**Recorded data:**
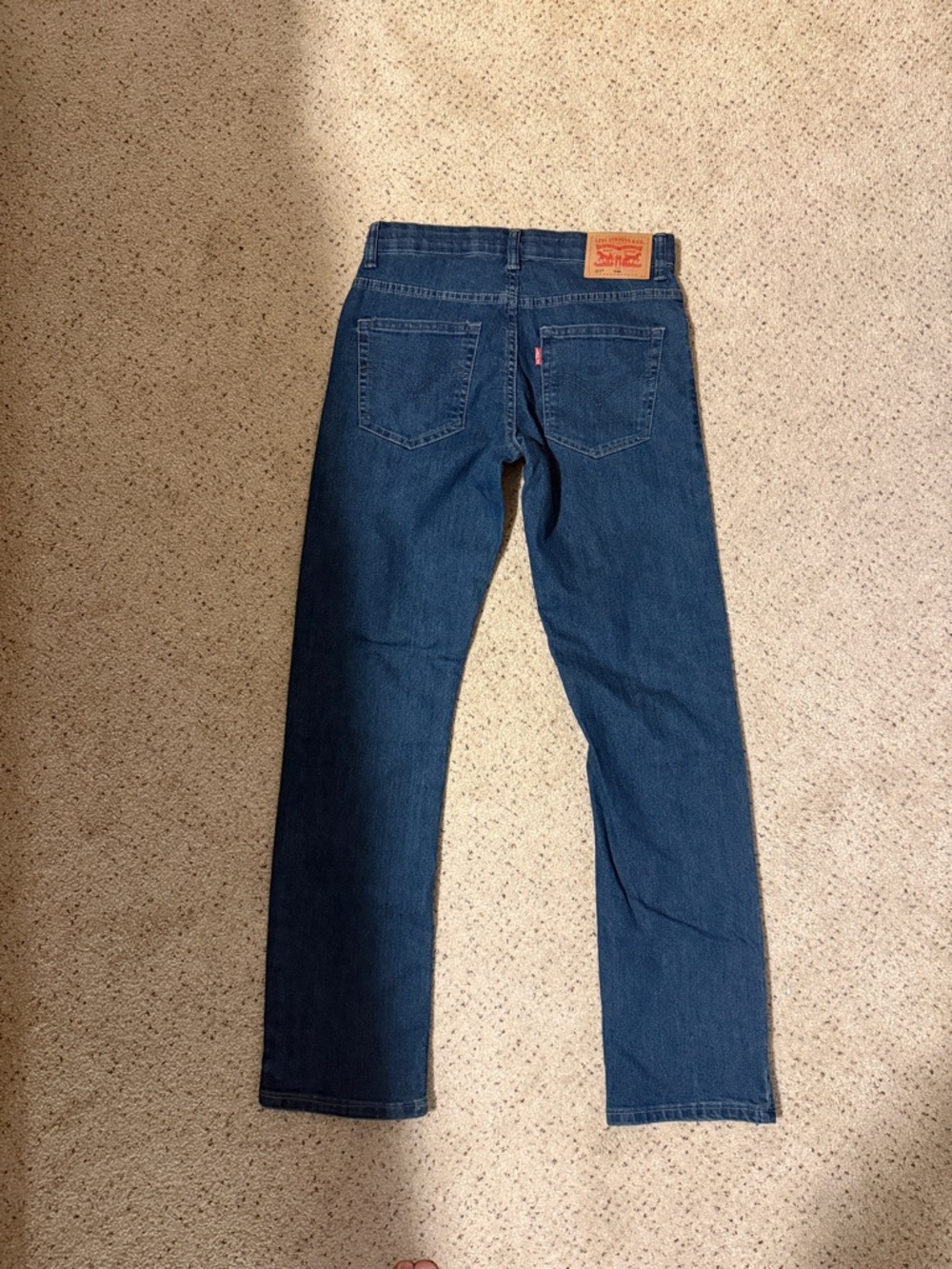 Levi's Dark Blue Straight Leg Jeans
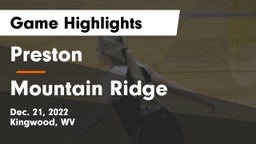 Preston  vs Mountain Ridge  Game Highlights - Dec. 21, 2022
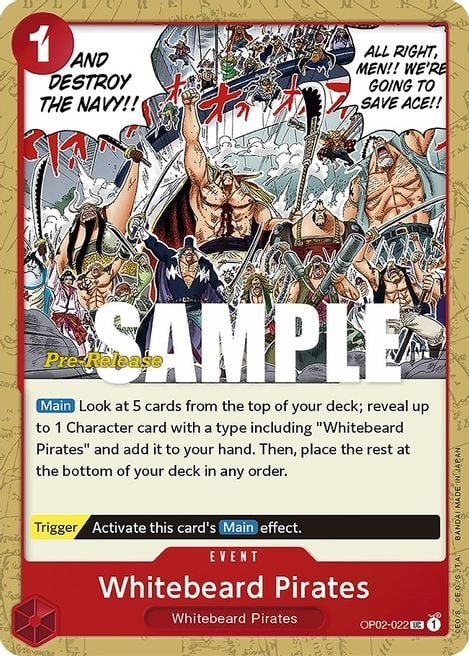 Whitebeard Pirates (Super Pre-Release Stamp)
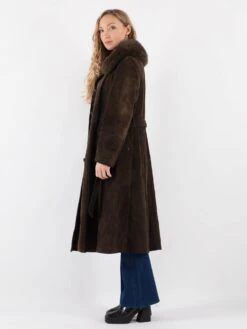 Vintage 70's Penny Lane Suede Coat In Brown 7 Vintage 70's Penny Lane Suede Coat In Brown -Northern Grip Vintage 70s Women Suede Coat 0616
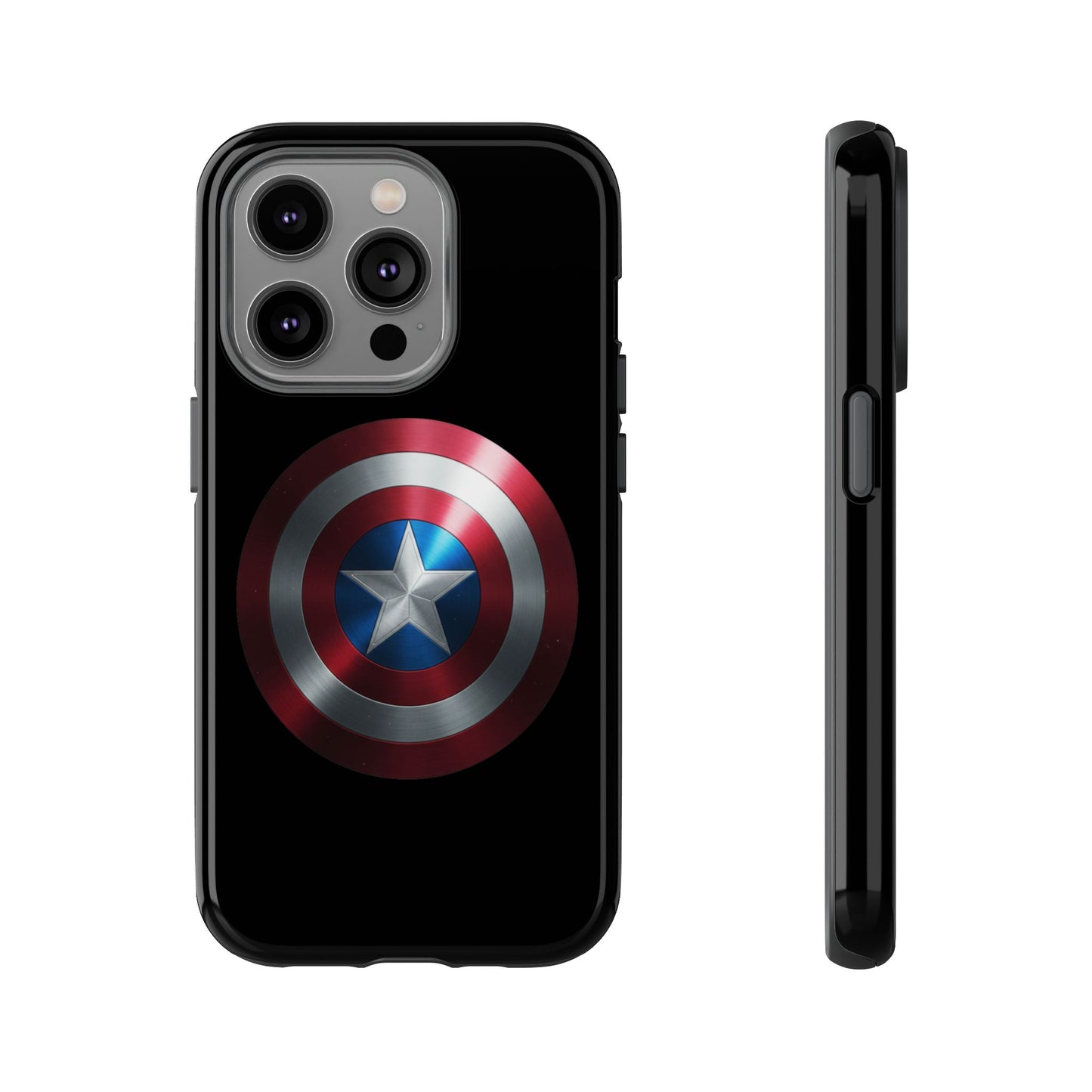 iPhone Case - Captain America Shield Design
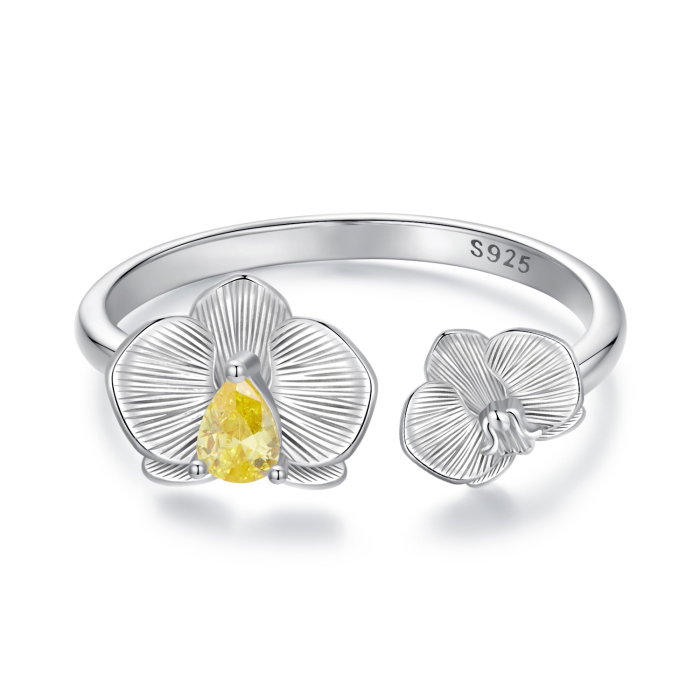 Inel argint cu Orhidee [1]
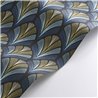 Casadeco|Moderne blaue Art-Déco-Tapete mit Palmenblättern|Tapeten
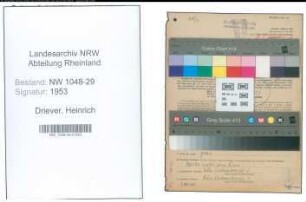 Entnazifizierung Heinrich Driever , geb. 09.11.1899 (Beamter)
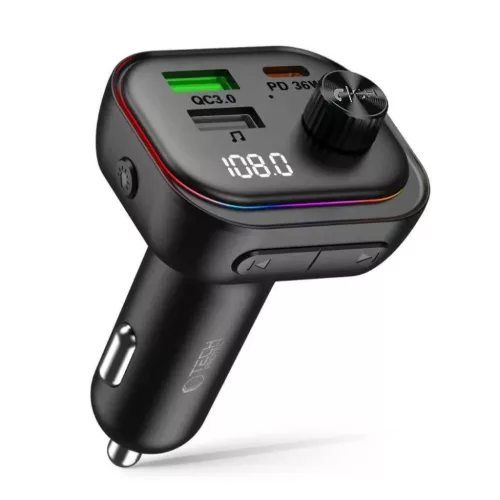 Tech-Protect CC07 3 portos autós töltő PD 54W + Bluetooth FM transz-5906302322770 2 kép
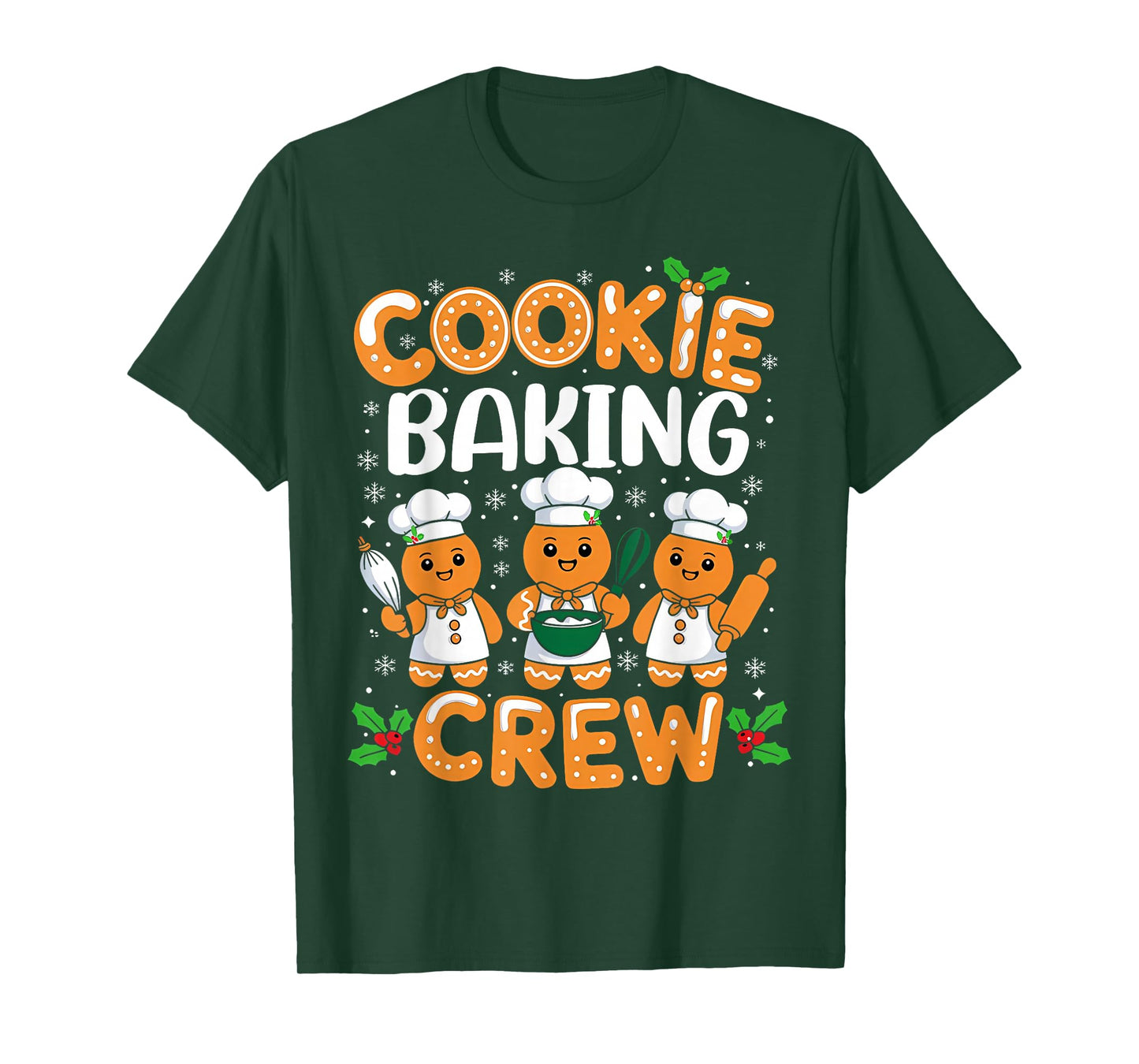 Cookie Baking Crew Christmas Gingerbread Team Squad Family T-Shirt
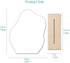 Irregular Aesthetic Vanity Mirror, Frameless Decorative Acrylic Mirrors with Wooden Stand for Living Room, Bedroom,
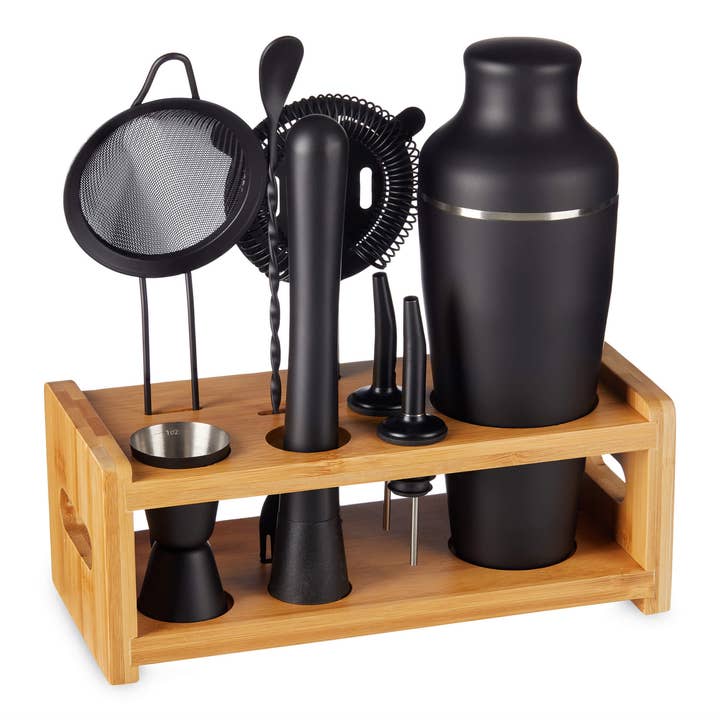 Lemonsoda 9-Piece Cocktail Shaker Bartender Kit by Lemonsoda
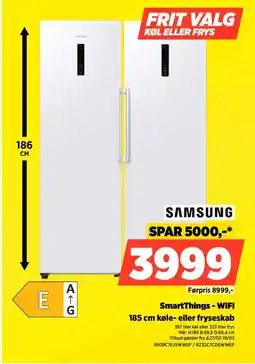 Power SAMSUNG 185 cm køle- eller fryseskab RR39C7EJ5WWEF/RZ32C7CDEWWEF tilbud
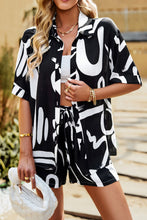 Load image into Gallery viewer, WORK OF ART Printed Shorts Set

**Exercise details:** Give every record again word for word, pictures excluded.

**Your solution:**
 Levi's Dark Blue Straight Leg Jeans
 Preston  vs Mountain Ridge  Game Highlights - Dec. 21, 2022
 Whitebeard Pirates (Super Pre-Release Stamp)
 Vintage 70's Penny Lane Suede Coat In Brown 7 Vintage 70's Penny Lane Suede Coat In Brown -Northern Grip Vintage 70s Women Suede Coat 0616
 iPhone Case - Captain America Shield Design
 Inel argint cu Orhidee [1]
 Casadeco|Moderne blaue Art-Déco-Tapete mit Palmenblättern|Tapeten
 Entnazifizierung Heinrich Driever , geb. 09.11.1899 (Beamter)
 Tech-Protect CC07 3 portos autós töltő PD 54W + Bluetooth FM transz-5906302322770 2 kép
 Cookie Baking Crew Christmas Gingerbread Team Squad Family T-Shirt
 Irregular Aesthetic Vanity Mirror, Frameless Decorative Acrylic Mirrors with Wooden Stand for Living Room, Bedroom,
 Lemonsoda 9-Piece Cocktail Shaker Bartender Kit by Lemonsoda
 Power SAMSUNG 185 cm køle- eller fryseskab RR39C7EJ5WWEF/RZ32C7CDEWWEF tilbud
 Load image into Gallery viewer, WORK OF ART Printed Shorts Set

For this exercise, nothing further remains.